The progress of the case has been stymied by discovery disputes (which is the occasion for a pending motion to dismiss filed by the Johnstons’ daughter, an Oregon attorney who entered the case after dismissal was denied), but we agreed to take over the case for summary judgment purposes. Our plan had been to invoke both unconscionability and illegality under New York’s consumer protection laws,  and to cite the First Amendment as a defense.  In the latter regard, the argument is that the very ambiguity of the clause and the uncertainty about whether a VRBO review is a “complaint” within the meaning of the contract provision, on which the magistrate judge based refusal to grant judgment for either side, is a basis for ruling that the clause is not a sufficiently clear and unmistakable waiver of the First Amendment right (echoing arguments that recently succeeded in Prestigious Pets v. Duchouquette).   But because the plaintiffs have characterized the review as one that forbids any online criticism, the enactment of this new statute gives additional ground for attacking the plaintiffs’ claim – or at least it will do so assuming that the Galland’s are still claiming a valid contract in three months when the law takes effect.

May DC United Bar Fans from Posting Social Media Images and Comments on Games?
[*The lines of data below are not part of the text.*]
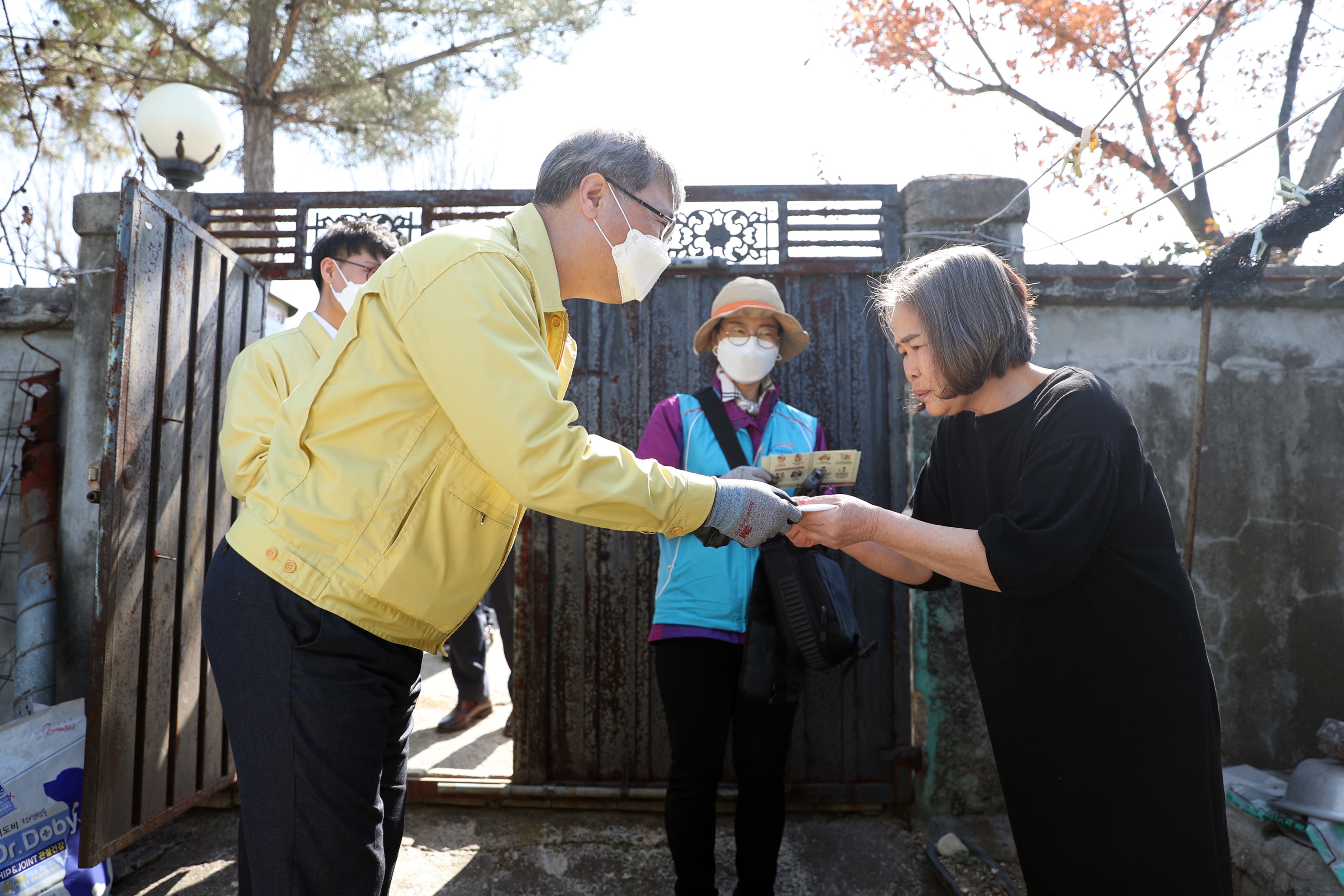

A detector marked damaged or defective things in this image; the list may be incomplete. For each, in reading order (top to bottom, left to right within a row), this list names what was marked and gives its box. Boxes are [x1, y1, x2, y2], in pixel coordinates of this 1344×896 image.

rusty metal gate [81, 181, 268, 861]
rusty metal gate [195, 186, 920, 802]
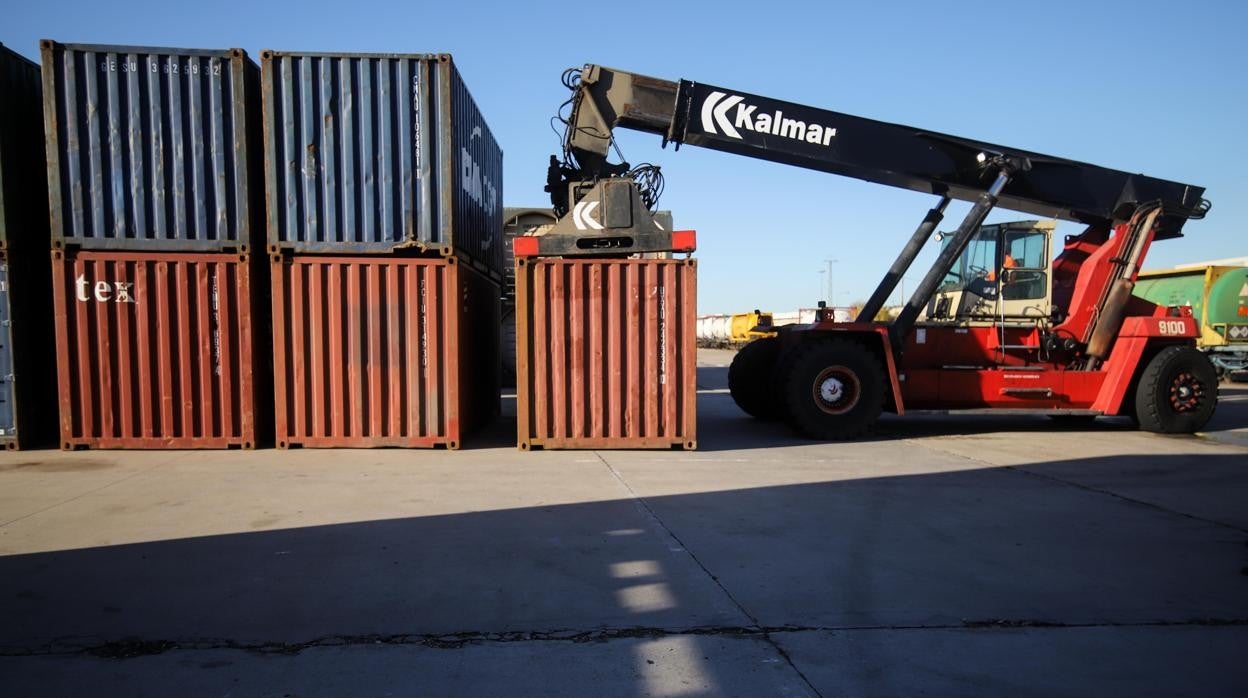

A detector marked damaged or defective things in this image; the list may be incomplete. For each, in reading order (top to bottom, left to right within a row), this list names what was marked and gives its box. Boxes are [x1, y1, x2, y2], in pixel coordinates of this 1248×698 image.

crack in pavement [4, 621, 1243, 659]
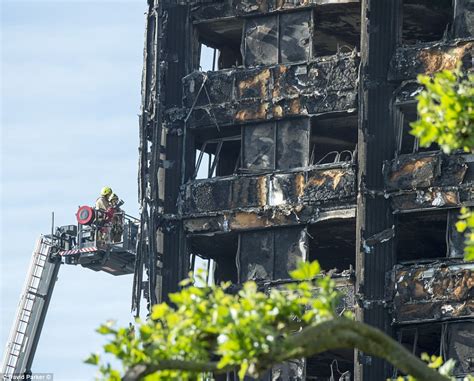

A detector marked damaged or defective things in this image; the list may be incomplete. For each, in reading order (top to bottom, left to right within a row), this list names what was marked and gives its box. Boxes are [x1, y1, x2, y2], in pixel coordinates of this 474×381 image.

charred building facade [134, 0, 474, 378]
fire damage [134, 0, 474, 378]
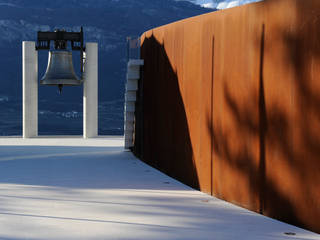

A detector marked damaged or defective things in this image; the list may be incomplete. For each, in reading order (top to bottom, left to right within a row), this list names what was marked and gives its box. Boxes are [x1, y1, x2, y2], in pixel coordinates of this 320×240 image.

Readers of this blog may recall an article that I posted in late September, taking issue with a proposed contract that the local professional soccer team has transmitted to season ticket holders who are in the process of renewing their season tickets for the coming season.  My concern that the contract includes language in which fans waive the right to post “in any media any description, account, picture, video, audio or other form of reproduction of any D.C. United game or any surrounding activities.”  Regrettably, despite many fans having objected to the proposed contract, to the extent of telling team sales people that they won’t be renewing if signing this contract is required, and even though the team tried to deflect the adverse coverage by saying that its lawyers would be looking at possible changes to the contract language.  However, late last week the team sent out the same contract for signature, and told me privately that the lawyers had decided not to make any changes because the language is “industry standard.” A web site at DC United Season  addresses the issue.

DC United Crying Eagle

And standard or no, the contract language flies in the face of the Consumer Review Freedom Act.  Although the law has generally been discussed as a ban on non-disparagement clauses, the language of the statute reaches more broadly: it forbids a form contract that “prohibits or restricts the ability of an individual who is a party to the form contract to engage in a covered communication,” Section 2(b)(1)(A), and defines “covered communication” to include any “ written, oral, or pictorial review, performance assessment of, or other similar analysis of . . . the goods, services, or conduct of a person by an individual who is party to a form contract.”  Section 2(a)(2).  The DC United contract that forbids fans from posting written descriptions or pictures of a game (that is, a review or performance assessment of the team’s conduct) is squarely within the law’s prohibition. To the extent that DC United’s proposed language reflects what many other sports teams prohibit on the part of their fans, the statute appears to require a reassessment of how these limits are being phrased.

0 thoughts on “Two immediate applications for the Consumer Review Fairness Act

  1. Gregory Gauthier says:

    Also, it appears that arbitration gag clauses prohibiting the parties from disclosing information about arbitration proceedings are clearly within the scope of the Consumer Review Freedom Act’s prohibitions. It would be very interesting to see a test case.